From her Armed Services Committee perch, Smith adopted a hawkish approach to US military policy, supporting the war in Vietnam and criticizing the United States for not keeping ahead of the Soviet Union in stockpiling nuclear weapons. That stance provoked Soviet Premier Nikita Khrushchev to denounce her as “the devil in disguise of a woman.”

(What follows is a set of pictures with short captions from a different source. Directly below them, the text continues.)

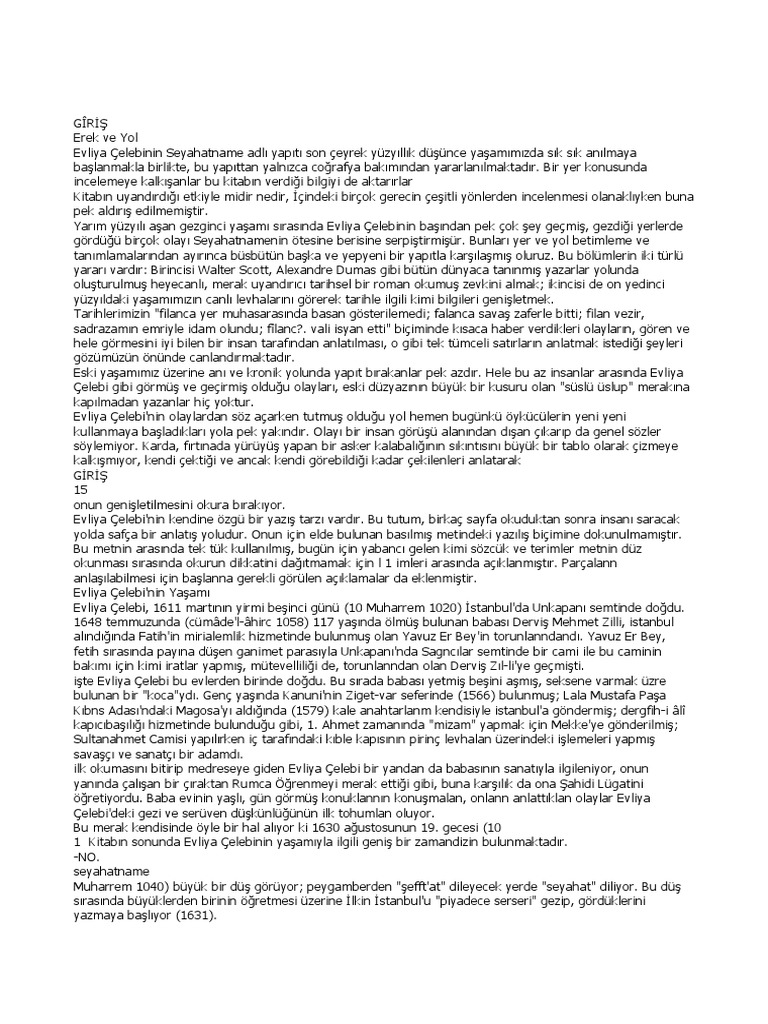 Mustafa Nihat Ozun Evliya Celebi Seyahatnamesi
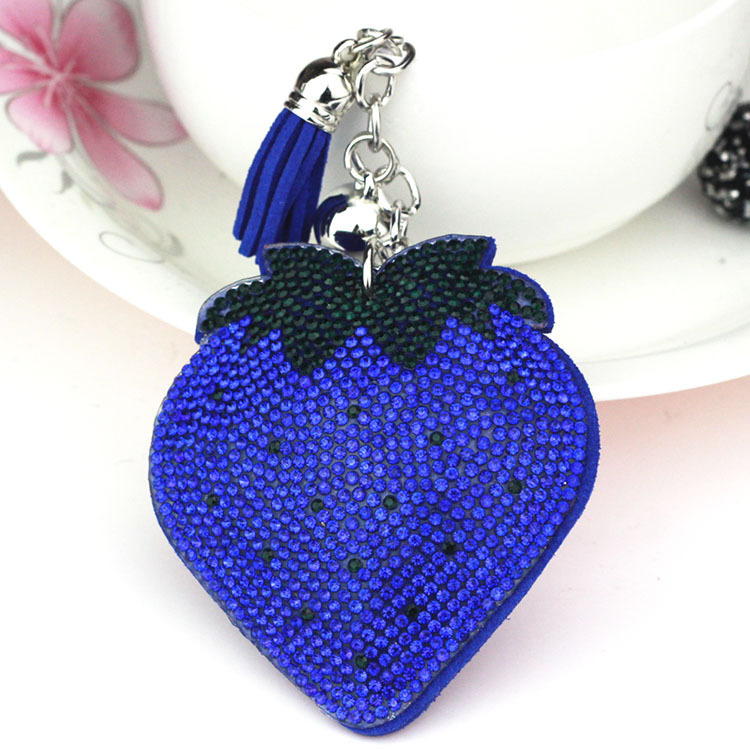Wholesale rhinestone-encrusted strawberry keychains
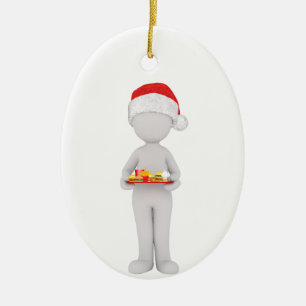 Ornamento De Cerâmica papais noeis de hambúrguer de natal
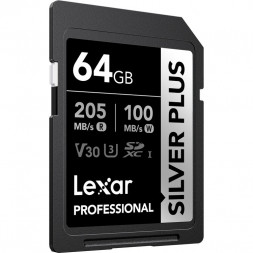 Карта памяти Lexar SDXC 64GB Professional Silver Plus V30 U3 205/100Mb/s [LSDSIPL064G-BNNNG] в Москве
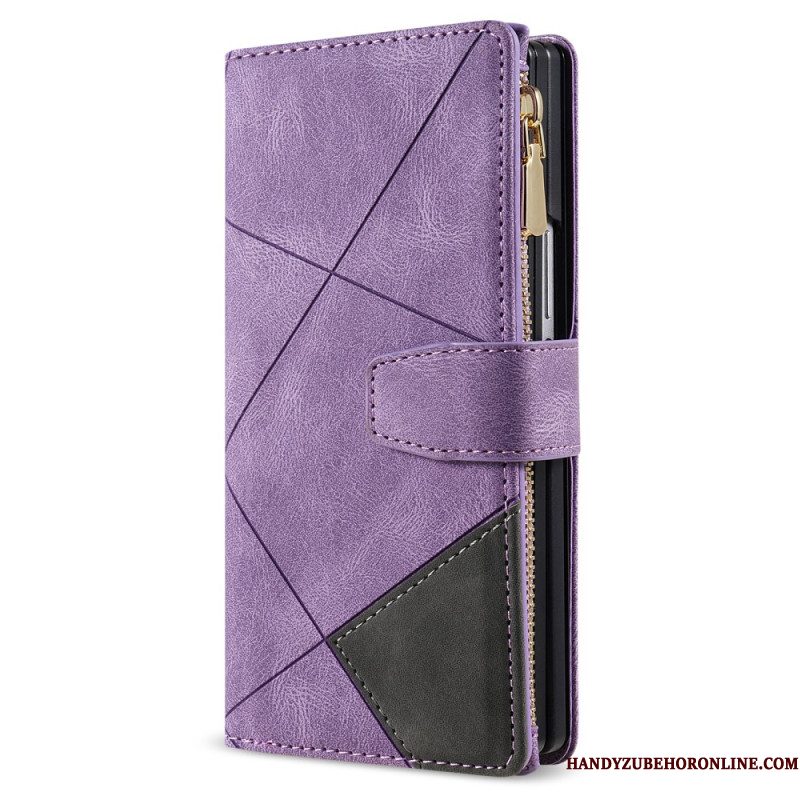 Leren Hoesje Samsung Galaxy Z Fold 7 Tweekleurige Portemonnee Bescherming Hoesje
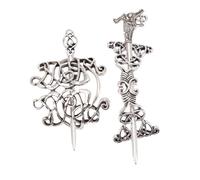 Beavorty Pinces à Cheveux Épingles Ethniques Design Celtique Viking en Métal Argenté Vintage Lot de 2 Tenue pour Femme et Mariée Élégante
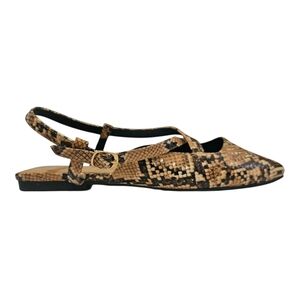 NWT - ASOS - Tan and Black Snake Print Slingback Flats - US 9 / UK 7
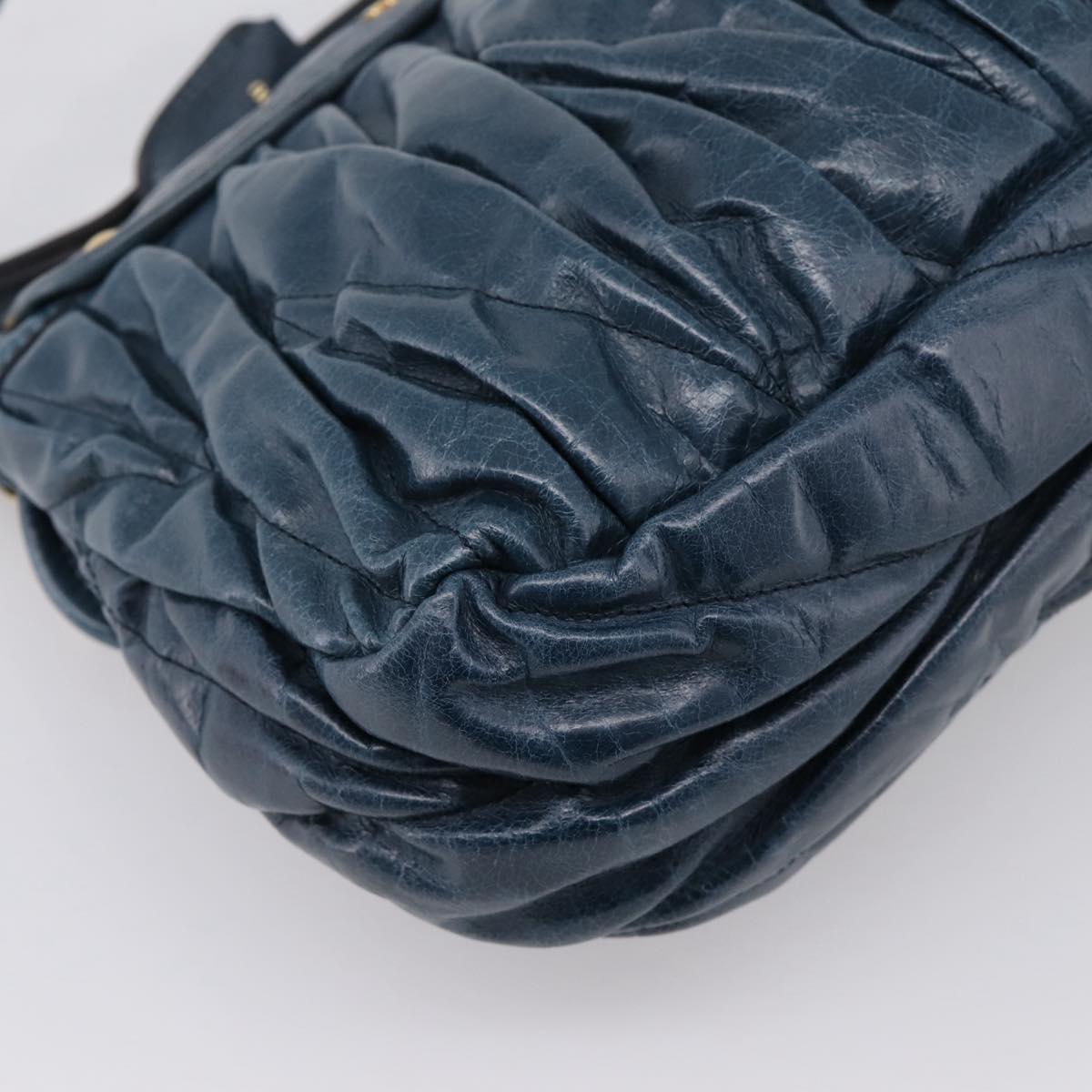 Miu Miu Matelasse Hobo Hand Bag Leather Blue Gold Tone Auth 167573V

“Maggie” (a commonly used reference that she disliked) Smith’s path-breaking Senate career ended in 1972 with her defeat by Democrat William Hathaway. His campaign played on her apparent physical frailty, noting that she used a motor scooter to shuttle between her Senate office building suite and the Capitol (she would live for another 23 years), and charges of her remoteness from her constituents. Her retirement left the Senate an all-male bastion for the next five years.

Twenty years after Smith’s departure, the 1992 Senate elections witnessed a major national backlash against the traditionally male Senate. The result was the so-called Year of the Woman. This came in no small degree because of the shabby treatment the men of the Senate Judiciary Committee accorded to Anita Hill, who testified at its hearings in opposition to the US Supreme Court appointment of Clarence Thomas. As a result of that pivotal election, by mid-1993 seven women sat in the Senate. Today, that number stands at 20, including 16 Democrats and 4 Republicans. Currently, in California, New Hampshire, and Washington State, both senators are women, a status held by Smith’s Maine from 1997 until 2013.

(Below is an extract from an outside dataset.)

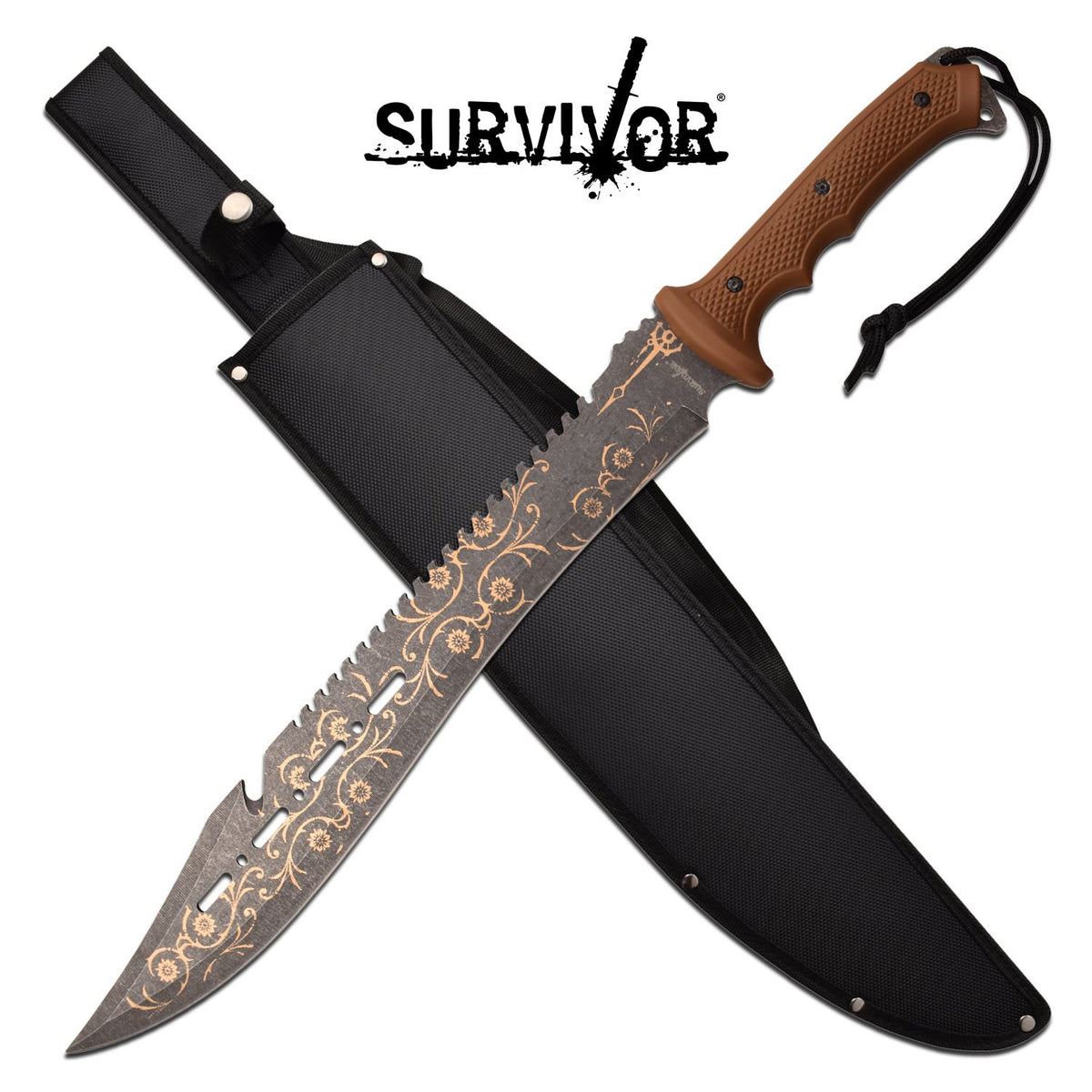 Survivor Machete 25 inch Fixed Blade Knife Brown Handle - TOPHATTER'S ARMORY DEALS
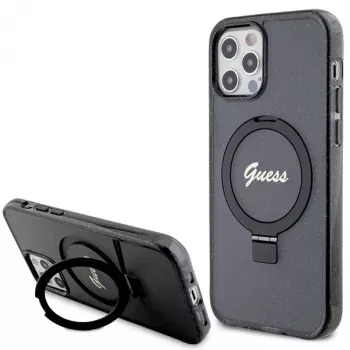 Guess GUHMP12MHRSGSK iPhone 12/12 Pro 6.1 tvrda futrola s prstenom Script Glitter MagSafe crna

Perhaps the greatest legacy of Margaret Chase Smith’s 1948 Senate election is that these 20 women are no longer viewed with the condescending curiosity that greeted the Mrs. Smith who went to Washington 65 years ago. Today, they are not primarily “women” senators; they are just senators.

The Margaret Chase Library in her hometown of Skowhegan, Maine, now serves as a robust research facility for those who wish learn more about her life, her times, and a US Senate largely unrecognizable to her modern successors.

Richard A. Baker, Historian Emeritus of the US Senate, is coauthor of The American Senate: An Insider’s History.

Subscribe to the OUPblog via email or RSS.
Subscribe to only American history articles on the OUPblog via email or RSS.

The post Why send a woman to Washington when you can get a man? appeared first on OUPblog.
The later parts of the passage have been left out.